Poor kibana behaviour with exec input from df command "/"?

Thorn · March 23, 2016, 11:16am

In testing I notice kibana seems to break a string field containing path delimiters into separate items - is this deliberate? Should I change the approach to fix it?

having parsed a df command with the exec input , and am using split{} csv{} to filter (couldn't get a grok to work, so went to this).

input {
  exec {
    type => "dfcsv"
    command => "df -ah -B1 --output=target,source,used,avail,size <lots of sed here>"
    interval => 8
  }
}

filter {
  if [type] == "dfcsv" {
    split {}
    csv {
      columns => ["mounted_on", "filesystem", "df_used", "df_avail", "df_size"]
      separator => ","
      convert => {"df_used" => "integer" "df_avail" => "integer" "df_size" => "integer"}
    }
  }
}

the df from shell with sed produces data like:

/,/dev/sda1,3031506944,2084298752,5414436864
/proc,proc,0,0,0
/sys,sysfs,0,0,0
/sys/fs/cgroup,none,0,4096,4096
/sys/fs/fuse/connections,none,0,0,0
/sys/kernel/debug,none,0,0,0
/sys/kernel/security,none,0,0,0
/dev,udev,4096,506908672,506912768
/dev/pts,devpts,0,0,0
/run,tmpfs,528384,103620608,104148992
/run/lock,none,0,5242880,5242880
/run/shm,none,4096,520724480,520728576
/run/user,none,0,104857600,104857600
/sys/fs/pstore,none,0,0,0
/sys/fs/cgroup/systemd,systemd,0,0,0
/media/sf_VboxFiles,VboxFiles,179655458816,53891772416,233547231232
/mnt/VboxFiles,VboxFiles,179655458816,53891772416,233547231232

which all seems to work - I get one message generated per each line of df returned, saying logstash is putting what it should into Elastic - and the index is created if required.

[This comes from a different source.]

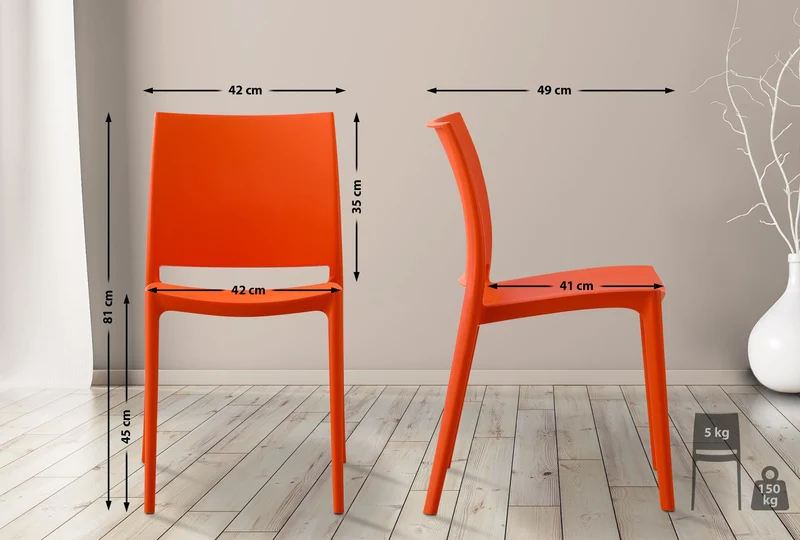 Chaise empilable design en plastique couleur orange résistant aux UV – jardin terrasse et intérieur 10_0007893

"@timestamp" => "2016-03-23T10:28:47.331Z",
      "type" => "dfcsv",
      "host" => "aserver_somehere",
   "command" => " df -ah -B1 -output=target,source,used,avail,size <again, lots of sed here>
"mounted_on" => "/mnt/VboxFiles",
"filesystem" => "VboxFiles",
   "df_used" => 179656765440,
  "df_avail" => 53890465792,
   "df_size" => 233547231232

"mounted_on" and "filesystem" are clearly strings.

But once in Kibana, these fields get split somehow, so mounted_on becomes like

vboxfiles	
user		
systemd	
sys

instead of like

 /sys/fs/pstore
 /sys/fs/cgroup/systemd
 /media/sf_VboxFiles
 /mnt/VboxFiles etc

also 'filesystem' has 'dev' and 'pts' in seperate items where they should be together:

`/dev/pts`

and the other values don't always display (but are searchable) - I assume because the numeric data is improperly associated with the end values (although its not consistent. and I can search for substrings in the visualizations and they show up - still not what I want, of course.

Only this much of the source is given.